It’s the simplest of all games really, each Saturday evening I sit down at the vise to invent the next great dry fly series that will revolutionize the surface game, and make everyone forget them ancient fuddy-duddies like Skues, Halford, or Ronald McDonald …
Rules are simpler yet; it has to be as fast or faster to tie than a traditional dry fly, and it has to use at least one waste byproduct of fly tying – some butt end or common scrap we’ve discarded routinely.
That way I can insist mine’s better than Theodore Gordon’s halting imitations as my fly is “green” as well as guaranteeing an early supper …
I’m not sure I was supposed to come up with anything at all, it was the challenge that drew me to the vise week after week.
I reversed the wing from a Quigley Cripple using deer hair trimmings as the discard material.
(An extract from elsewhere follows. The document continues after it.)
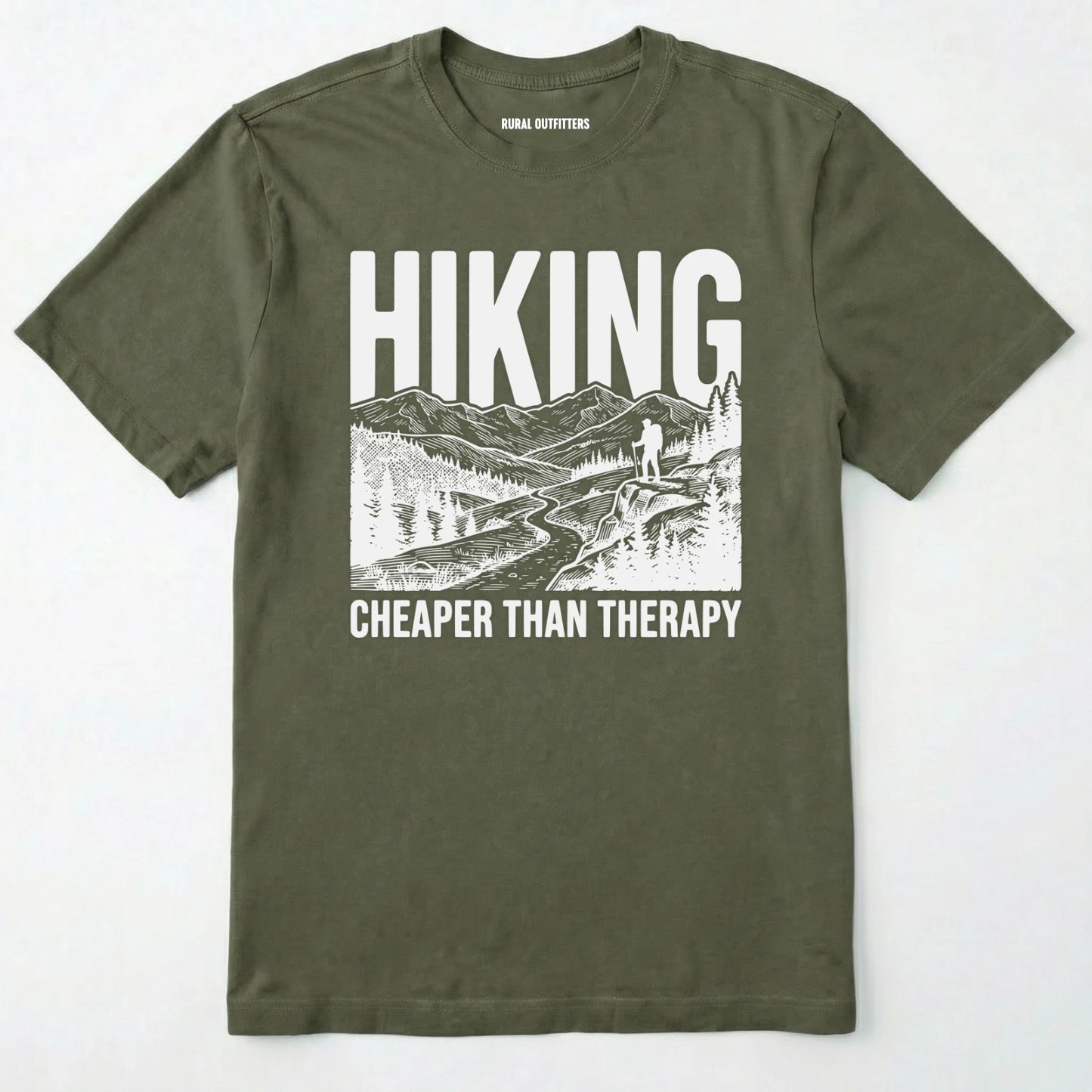 Military Green t-shirt with hiking graphic and text on a white background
His Cripple uses the trimmed stub over the body, and the long end over the eye of the hook. I added a dab of tacky wax to the wing … just enough to add a bit of clumping (for the mayfly version) and allows me to pull the wing down over the body to turn the fly into a caddis imitation.
Pull the wing up for the mayfly hatch and down for the caddis grab – neither requires you to retie the knot when it’s near dark.
What’s not to like in a fly that can imitate two of the major trout food groups?
The real test of a great fly is not in its design or function but in the hidden meaning of its name, which will naturally be lost over time, yet adds mystery and illusion to a pedestrian effort.
There were two royal coachmen for each carriage, so which inspired the fly?
I call it the “Hovering Predator” which we’ll know as the drone that’s kept Osama behind them high walls and rooted to the compound, and the rest of history will have to guess at – while wadding handfuls of #16’s into their fly boxes.